**Dataset:**
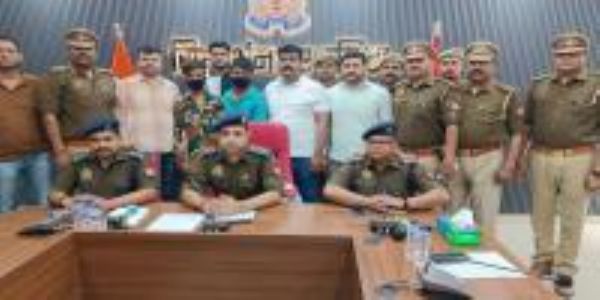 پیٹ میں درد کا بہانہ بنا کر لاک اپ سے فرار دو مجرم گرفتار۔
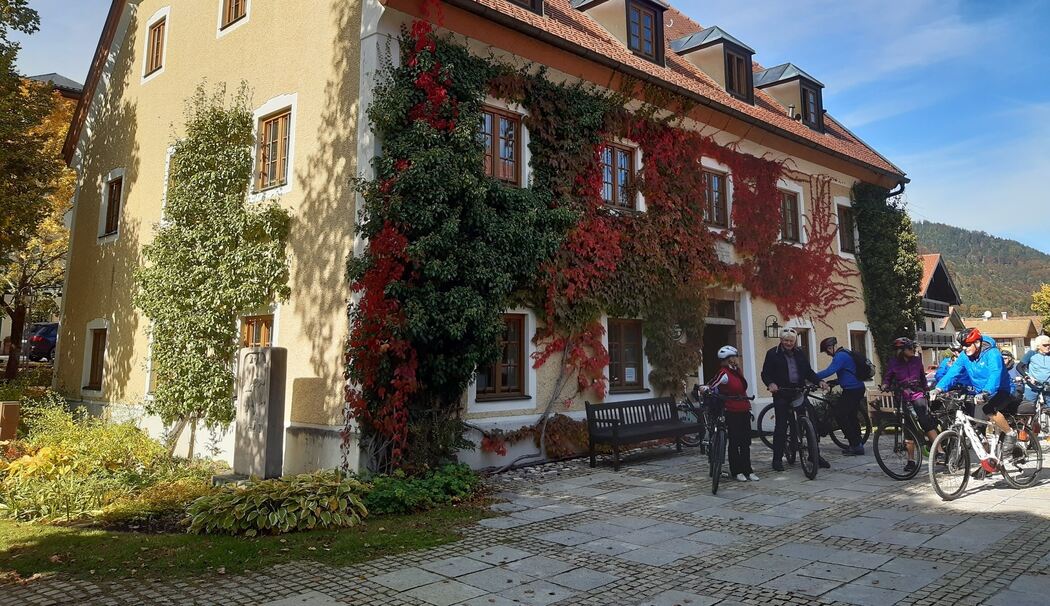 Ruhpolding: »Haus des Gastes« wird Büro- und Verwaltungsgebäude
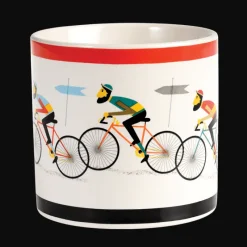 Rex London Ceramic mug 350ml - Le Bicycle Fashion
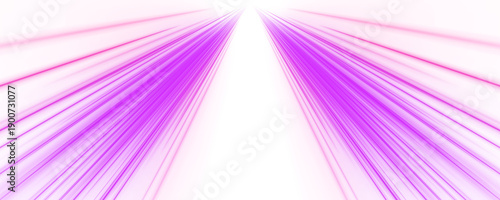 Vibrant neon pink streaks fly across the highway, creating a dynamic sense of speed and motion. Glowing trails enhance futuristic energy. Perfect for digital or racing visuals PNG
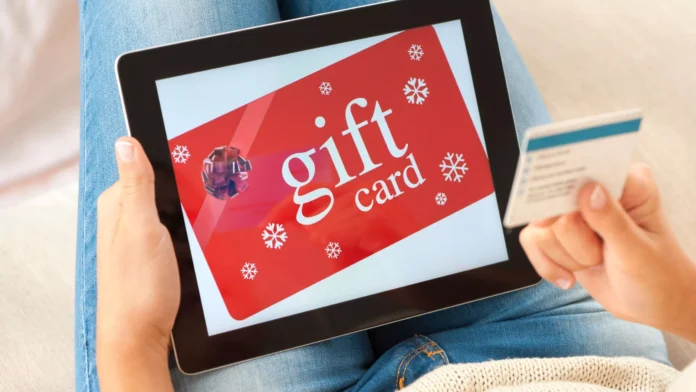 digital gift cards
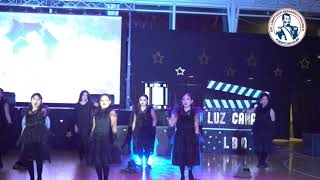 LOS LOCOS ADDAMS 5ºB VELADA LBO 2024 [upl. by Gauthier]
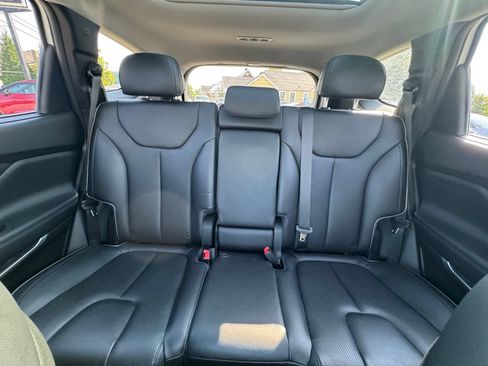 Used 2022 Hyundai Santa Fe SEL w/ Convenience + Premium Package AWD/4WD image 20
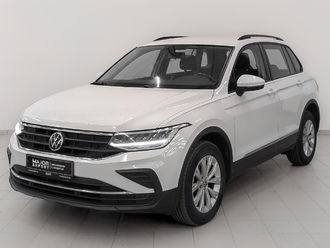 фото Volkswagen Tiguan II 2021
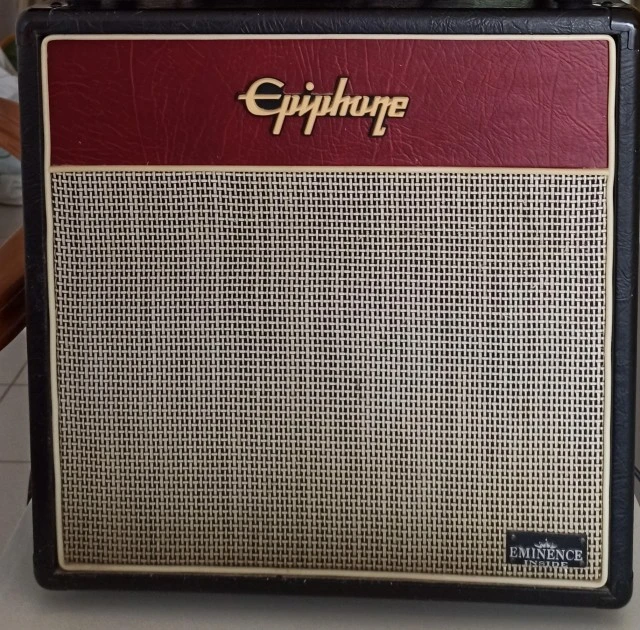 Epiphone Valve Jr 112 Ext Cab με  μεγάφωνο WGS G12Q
---
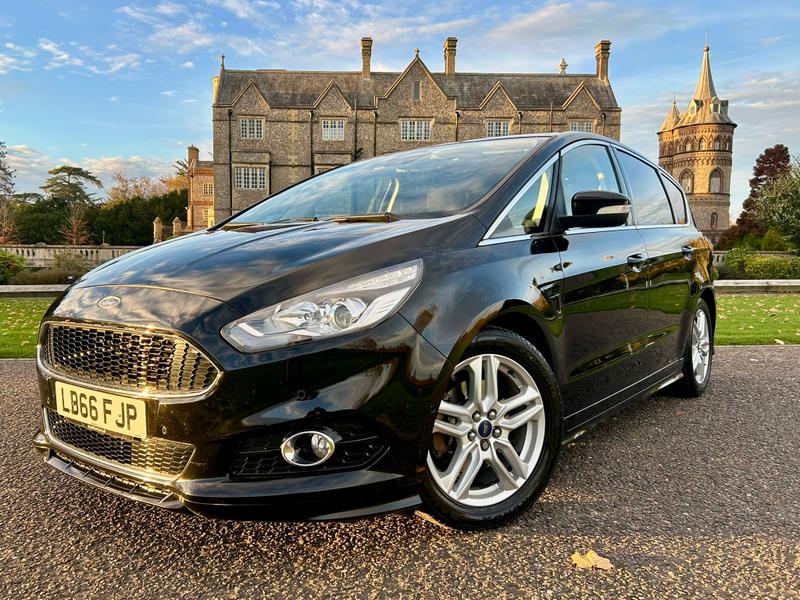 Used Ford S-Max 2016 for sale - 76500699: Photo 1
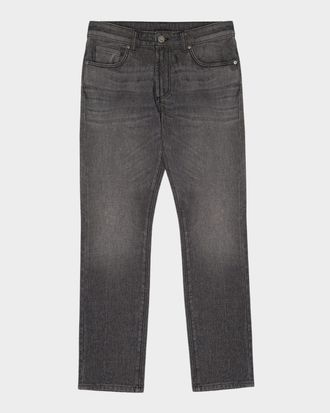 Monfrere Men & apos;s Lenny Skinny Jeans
* * *
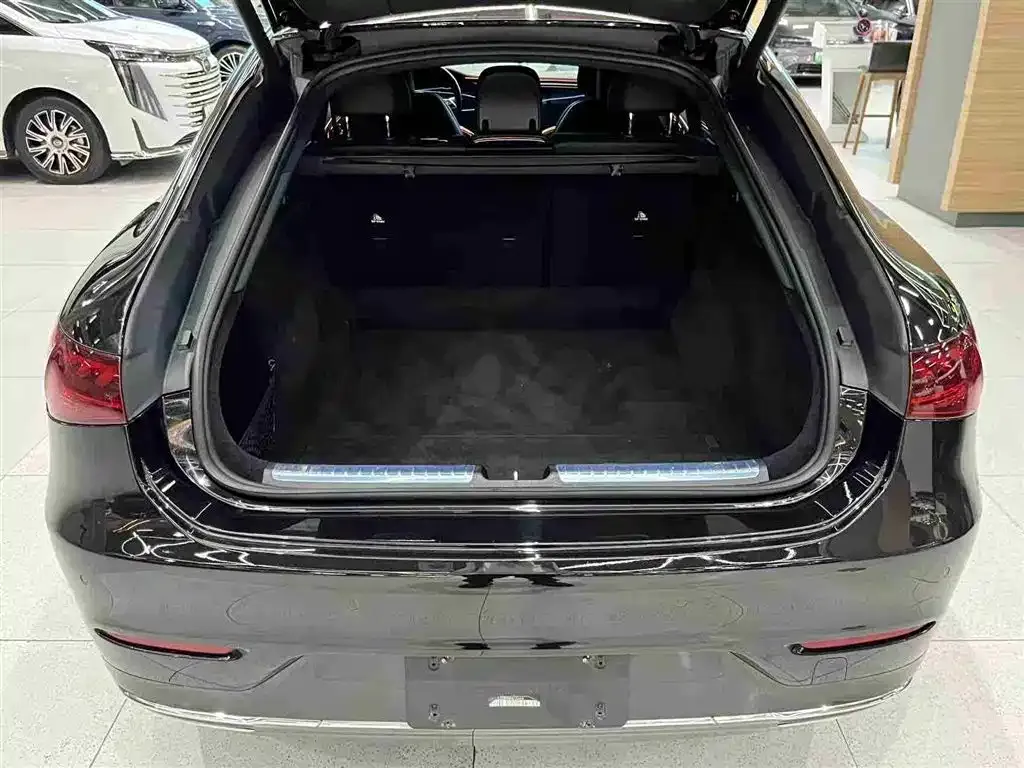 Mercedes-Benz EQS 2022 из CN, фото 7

**The task:** Could you output exactly the lines above, from the line with "Used 2022 Hyundai" up to and including the line with "Epiphone Valve Jr", and nothing else, skipping the pictures?

**Answer below:**
 Used 2022 Hyundai Santa Fe SEL w/ Convenience + Premium Package AWD/4WD image 20
 фото Volkswagen Tiguan II 2021
 Epiphone Valve Jr 112 Ext Cab με  μεγάφωνο WGS G12Q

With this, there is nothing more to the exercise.